Et il savait qu’il devait saisir cette chance de pouvoir parler avec elle en tête à tête, pour lui avouer ses sentiments. Le plus dur était de savoir si elle partageait ce qu’il ressentait. La voyant pleurer ainsi, il en doutait, et son coeur s’était resserré dans sa poitrine.
Etait-ce lui qui la rendait si triste ?
Il devait se lancer. Au pire, c’était dit et il pourrait penser à autre chose et tourner la page.

— Je… j’ai quelque chose à te dire… à t’avouer. À vrai dire, j’ai toujours repoussé ce moment parce que je me contentais du peu de temps qu’on passait ensemble, mais… je ne peux plus me voiler la face.

*

Après sa déclaration, dans la peur de se faire rejeter, il fut agréablement surpris lorsqu’elle lui adressa un sourire sincère, s’essuyant ses dernières larmes au coin de ses yeux.

— je crois que… je suis amoureux… de toi.
Avoua t-il, ne réussissant pas à trouver de meilleurs mots pour exprimer ce qu’il avait sur le coeur, et la nature de ses sentiments.

Il ne savait pas à quoi s’attendre mais il craignait sa réaction et il appréhendait un rejet, même s’il avait imaginé cette probabilité.

— Je crois… que moi aussi.
Avait-elle répondu, timidement, en le regardant dans les yeux. Le coeur battant à tout rompre.

Il avait du mal à réaliser ce qu’elle venait de dire, et cela semblait trop beau pour être vrai.
Elle qui était si populaire et qui avait plusieurs admirateurs, elle venait de lui dire qu’elle était peut-être amoureuse de lui. Cela semblait incroyable.
Les joues encore humides, elle lui souriait.
Il s’approcha et de sa main droite, il la passa dans les cheveux de la jeune femme, puis ses lèvres se posèrent sur les siennes.
Il avait hésité une seconde avant de se lancer, mais elle ne l’avait pas repoussé, elle n’avait pas fui.
Elle l’avait aggripé sur ses vêtements et s’était approchée de lui pour coller sa bouche sur la sienne.
Ils étaient tous les deux derrière un pillier, à l’ombre, à l’abri des regards indiscrets.
Cet instant magique sembla durer une éternité mais ils durent revenir à la réalité.

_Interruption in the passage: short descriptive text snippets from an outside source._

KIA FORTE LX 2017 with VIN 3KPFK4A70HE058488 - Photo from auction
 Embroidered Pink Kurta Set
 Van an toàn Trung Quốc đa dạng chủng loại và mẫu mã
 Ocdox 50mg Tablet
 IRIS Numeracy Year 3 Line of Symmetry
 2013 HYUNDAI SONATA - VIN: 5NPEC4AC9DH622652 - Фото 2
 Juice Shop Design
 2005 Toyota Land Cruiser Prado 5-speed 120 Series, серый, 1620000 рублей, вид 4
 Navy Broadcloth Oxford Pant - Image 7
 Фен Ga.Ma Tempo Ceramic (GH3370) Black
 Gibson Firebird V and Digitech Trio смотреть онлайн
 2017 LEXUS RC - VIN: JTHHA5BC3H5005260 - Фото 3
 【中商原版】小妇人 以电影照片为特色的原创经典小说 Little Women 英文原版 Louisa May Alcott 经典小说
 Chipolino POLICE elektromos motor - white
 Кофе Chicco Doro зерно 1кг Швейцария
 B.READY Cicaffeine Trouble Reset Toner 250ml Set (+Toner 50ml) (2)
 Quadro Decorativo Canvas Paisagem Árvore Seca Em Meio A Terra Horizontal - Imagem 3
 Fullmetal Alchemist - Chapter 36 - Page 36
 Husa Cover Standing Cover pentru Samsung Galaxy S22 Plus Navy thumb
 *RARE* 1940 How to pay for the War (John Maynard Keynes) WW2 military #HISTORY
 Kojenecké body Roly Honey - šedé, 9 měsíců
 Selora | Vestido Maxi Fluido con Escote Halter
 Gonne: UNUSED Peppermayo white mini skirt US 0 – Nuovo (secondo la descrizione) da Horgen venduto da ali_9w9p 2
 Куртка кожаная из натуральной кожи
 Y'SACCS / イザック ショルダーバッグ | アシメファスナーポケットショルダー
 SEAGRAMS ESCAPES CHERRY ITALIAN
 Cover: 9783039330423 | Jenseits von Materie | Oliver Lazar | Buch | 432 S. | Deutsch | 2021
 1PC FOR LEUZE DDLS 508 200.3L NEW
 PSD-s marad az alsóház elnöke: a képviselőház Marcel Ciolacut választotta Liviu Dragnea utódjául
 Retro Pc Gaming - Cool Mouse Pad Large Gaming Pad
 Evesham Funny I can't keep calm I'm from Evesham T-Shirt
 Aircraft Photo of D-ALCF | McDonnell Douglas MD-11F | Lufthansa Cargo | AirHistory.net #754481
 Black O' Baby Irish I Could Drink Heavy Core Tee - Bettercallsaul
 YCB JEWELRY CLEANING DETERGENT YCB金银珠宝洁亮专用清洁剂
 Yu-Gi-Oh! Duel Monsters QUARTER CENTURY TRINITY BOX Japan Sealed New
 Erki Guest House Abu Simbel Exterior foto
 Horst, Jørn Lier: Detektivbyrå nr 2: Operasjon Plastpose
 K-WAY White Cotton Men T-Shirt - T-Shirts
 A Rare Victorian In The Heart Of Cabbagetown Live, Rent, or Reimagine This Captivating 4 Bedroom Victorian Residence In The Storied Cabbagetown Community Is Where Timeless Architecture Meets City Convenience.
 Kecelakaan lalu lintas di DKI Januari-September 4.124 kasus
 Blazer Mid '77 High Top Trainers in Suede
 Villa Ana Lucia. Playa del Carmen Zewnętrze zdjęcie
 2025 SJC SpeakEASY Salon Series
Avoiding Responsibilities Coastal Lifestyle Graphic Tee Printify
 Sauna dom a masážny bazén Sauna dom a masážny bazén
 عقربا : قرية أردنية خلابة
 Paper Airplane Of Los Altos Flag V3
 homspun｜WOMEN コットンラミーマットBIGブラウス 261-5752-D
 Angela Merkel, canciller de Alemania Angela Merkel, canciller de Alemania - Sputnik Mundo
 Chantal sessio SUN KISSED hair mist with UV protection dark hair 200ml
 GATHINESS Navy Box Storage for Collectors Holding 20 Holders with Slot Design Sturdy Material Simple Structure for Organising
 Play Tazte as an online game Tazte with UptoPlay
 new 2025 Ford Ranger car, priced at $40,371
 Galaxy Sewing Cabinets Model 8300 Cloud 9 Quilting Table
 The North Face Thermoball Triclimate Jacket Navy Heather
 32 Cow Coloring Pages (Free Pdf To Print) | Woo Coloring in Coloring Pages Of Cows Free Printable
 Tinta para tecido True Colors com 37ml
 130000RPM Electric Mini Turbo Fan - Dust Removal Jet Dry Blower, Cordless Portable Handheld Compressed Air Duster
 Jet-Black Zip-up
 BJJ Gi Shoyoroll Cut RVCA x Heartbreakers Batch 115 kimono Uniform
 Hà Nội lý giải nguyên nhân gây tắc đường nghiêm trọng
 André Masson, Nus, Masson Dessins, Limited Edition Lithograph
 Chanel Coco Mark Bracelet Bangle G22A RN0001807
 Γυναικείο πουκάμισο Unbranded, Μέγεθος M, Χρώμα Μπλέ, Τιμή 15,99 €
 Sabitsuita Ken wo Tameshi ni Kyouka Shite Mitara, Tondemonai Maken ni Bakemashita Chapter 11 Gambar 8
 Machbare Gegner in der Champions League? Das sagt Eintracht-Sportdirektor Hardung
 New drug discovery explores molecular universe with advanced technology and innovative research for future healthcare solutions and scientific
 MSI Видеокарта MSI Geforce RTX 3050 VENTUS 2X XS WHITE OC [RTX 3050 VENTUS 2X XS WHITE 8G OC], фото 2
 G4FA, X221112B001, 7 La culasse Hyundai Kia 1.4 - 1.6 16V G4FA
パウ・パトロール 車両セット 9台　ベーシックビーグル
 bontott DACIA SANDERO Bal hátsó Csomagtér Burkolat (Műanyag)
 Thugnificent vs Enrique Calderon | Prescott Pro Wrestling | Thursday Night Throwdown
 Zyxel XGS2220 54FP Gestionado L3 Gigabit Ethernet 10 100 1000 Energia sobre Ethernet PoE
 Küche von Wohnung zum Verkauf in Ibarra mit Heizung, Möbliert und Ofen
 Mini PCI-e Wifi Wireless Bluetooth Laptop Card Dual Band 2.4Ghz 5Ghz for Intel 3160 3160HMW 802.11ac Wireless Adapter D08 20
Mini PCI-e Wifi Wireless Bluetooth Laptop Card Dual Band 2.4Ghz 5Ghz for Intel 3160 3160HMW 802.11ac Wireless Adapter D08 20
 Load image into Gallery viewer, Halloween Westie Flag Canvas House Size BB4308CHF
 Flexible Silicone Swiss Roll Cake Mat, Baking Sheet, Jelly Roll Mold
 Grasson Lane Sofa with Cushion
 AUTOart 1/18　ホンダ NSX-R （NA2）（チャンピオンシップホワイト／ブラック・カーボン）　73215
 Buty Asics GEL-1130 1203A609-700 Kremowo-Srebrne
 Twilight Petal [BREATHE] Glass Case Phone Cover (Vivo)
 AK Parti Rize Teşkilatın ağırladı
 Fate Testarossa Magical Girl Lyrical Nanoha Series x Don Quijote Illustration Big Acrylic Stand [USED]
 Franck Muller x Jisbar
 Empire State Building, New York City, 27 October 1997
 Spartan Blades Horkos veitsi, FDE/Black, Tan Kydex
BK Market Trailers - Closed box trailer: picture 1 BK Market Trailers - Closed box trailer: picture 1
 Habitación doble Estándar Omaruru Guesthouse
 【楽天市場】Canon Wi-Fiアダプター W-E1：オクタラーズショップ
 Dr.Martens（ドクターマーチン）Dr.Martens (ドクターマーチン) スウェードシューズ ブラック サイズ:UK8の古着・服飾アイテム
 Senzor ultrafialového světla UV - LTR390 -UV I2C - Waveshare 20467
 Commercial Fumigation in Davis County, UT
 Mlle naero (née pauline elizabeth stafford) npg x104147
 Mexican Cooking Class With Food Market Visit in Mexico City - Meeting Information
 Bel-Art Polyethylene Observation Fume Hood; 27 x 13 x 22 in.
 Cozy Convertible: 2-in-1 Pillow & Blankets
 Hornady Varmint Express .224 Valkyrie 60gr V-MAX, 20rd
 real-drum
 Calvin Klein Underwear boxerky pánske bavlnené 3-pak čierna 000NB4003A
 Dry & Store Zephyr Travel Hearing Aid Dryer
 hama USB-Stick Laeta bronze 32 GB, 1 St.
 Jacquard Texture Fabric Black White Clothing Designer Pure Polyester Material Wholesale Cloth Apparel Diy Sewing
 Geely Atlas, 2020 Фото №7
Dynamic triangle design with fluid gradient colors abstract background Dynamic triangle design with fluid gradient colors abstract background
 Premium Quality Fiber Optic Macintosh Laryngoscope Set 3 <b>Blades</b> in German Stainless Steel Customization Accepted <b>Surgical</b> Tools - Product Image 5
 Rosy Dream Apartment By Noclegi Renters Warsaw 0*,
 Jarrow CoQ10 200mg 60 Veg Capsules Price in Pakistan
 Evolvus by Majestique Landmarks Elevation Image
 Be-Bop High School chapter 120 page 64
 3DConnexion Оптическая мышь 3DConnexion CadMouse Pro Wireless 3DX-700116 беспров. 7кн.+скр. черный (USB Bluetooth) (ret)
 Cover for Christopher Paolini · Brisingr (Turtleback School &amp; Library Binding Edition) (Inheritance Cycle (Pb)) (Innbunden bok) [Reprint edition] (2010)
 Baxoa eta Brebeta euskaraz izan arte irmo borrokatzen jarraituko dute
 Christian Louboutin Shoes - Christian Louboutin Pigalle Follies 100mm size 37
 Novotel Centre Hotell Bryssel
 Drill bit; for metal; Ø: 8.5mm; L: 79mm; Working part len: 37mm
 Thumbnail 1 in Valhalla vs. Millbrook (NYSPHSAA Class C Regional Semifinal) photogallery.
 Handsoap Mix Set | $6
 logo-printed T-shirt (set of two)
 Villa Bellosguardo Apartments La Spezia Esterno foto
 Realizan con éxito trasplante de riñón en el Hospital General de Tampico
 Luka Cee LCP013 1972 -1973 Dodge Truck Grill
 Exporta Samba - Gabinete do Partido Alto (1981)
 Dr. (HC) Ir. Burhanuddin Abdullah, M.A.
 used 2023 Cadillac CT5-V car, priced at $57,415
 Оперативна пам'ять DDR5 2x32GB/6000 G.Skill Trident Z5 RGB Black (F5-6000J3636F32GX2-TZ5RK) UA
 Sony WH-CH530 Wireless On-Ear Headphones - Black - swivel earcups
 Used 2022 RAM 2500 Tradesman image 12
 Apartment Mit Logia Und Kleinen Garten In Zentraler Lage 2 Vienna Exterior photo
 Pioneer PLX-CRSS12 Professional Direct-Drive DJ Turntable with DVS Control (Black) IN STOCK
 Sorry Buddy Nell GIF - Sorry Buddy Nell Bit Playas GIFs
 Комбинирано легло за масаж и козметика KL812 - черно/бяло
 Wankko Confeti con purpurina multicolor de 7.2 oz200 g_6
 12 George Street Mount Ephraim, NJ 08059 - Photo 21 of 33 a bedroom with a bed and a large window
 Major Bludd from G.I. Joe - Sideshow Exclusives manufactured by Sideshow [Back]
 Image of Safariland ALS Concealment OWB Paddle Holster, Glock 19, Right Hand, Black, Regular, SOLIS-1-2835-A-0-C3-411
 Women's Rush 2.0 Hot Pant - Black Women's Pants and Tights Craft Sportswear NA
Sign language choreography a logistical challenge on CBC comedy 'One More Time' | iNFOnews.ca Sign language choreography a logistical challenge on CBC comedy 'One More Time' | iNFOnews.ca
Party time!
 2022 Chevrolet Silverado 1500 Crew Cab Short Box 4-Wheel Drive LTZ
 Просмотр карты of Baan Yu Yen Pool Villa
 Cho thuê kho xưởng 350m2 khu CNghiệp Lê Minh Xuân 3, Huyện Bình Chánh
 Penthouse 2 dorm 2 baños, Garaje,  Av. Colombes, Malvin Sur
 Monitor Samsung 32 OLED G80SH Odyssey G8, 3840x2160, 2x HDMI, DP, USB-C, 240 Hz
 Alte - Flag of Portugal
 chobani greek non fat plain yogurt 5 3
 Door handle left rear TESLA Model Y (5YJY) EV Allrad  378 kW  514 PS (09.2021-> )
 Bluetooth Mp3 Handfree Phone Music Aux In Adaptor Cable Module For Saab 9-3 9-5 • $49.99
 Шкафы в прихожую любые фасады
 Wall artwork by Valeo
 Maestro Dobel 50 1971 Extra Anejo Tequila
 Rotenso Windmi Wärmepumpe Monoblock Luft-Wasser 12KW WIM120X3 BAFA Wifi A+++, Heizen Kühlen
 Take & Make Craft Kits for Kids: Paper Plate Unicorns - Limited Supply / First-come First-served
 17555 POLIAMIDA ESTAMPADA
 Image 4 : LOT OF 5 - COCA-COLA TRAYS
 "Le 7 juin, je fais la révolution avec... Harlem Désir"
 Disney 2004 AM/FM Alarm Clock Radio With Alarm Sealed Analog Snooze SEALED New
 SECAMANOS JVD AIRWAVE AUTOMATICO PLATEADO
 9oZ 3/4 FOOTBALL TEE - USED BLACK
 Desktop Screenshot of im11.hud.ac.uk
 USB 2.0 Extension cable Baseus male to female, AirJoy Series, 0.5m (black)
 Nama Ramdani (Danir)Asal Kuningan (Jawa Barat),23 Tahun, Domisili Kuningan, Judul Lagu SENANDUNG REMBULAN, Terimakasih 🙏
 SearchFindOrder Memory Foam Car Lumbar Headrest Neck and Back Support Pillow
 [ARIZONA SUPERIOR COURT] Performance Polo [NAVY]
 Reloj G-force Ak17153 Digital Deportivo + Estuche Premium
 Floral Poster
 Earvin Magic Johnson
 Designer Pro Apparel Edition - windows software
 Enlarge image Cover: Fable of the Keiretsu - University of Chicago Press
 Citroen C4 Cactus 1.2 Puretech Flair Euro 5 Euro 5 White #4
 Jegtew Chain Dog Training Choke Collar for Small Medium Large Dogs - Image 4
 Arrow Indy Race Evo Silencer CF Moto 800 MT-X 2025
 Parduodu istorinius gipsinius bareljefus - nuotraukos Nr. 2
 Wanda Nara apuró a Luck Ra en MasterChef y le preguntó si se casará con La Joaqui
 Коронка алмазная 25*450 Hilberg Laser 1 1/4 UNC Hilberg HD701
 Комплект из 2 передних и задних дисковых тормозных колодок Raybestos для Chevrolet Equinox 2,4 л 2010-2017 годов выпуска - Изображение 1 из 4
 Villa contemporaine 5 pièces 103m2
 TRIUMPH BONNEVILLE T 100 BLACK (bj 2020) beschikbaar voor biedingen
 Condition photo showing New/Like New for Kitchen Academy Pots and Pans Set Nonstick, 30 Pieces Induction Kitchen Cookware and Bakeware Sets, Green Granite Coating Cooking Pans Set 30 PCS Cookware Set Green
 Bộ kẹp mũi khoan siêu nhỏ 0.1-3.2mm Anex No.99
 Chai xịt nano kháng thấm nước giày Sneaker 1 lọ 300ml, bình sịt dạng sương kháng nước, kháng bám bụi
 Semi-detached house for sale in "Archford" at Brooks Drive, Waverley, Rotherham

— Qu’est-ce qu’on fait maintenant… ?
— … Je leur en veux un peu… j’aimerai me venger gentiment en leur faisant croire que ça n’a pas marché comme ils le pensaient. Qu’en dis-tu ?

Elle sourit timidement et acquiesça.
Ils retournèrent sur le terrain mais séparément.
D’abord lui, bredouille, puis elle, quelques minutes après.

— Bah alors… ? Que s’est-il passé… ?
Demanda l’un d’entre eux, en le voyant revenir la tête baissée.

Il secoua la tête et ne préfera pas répondre.

*

Un chevalier serrant dans ses bras et en portant une jeune femme, tous les deux souriants.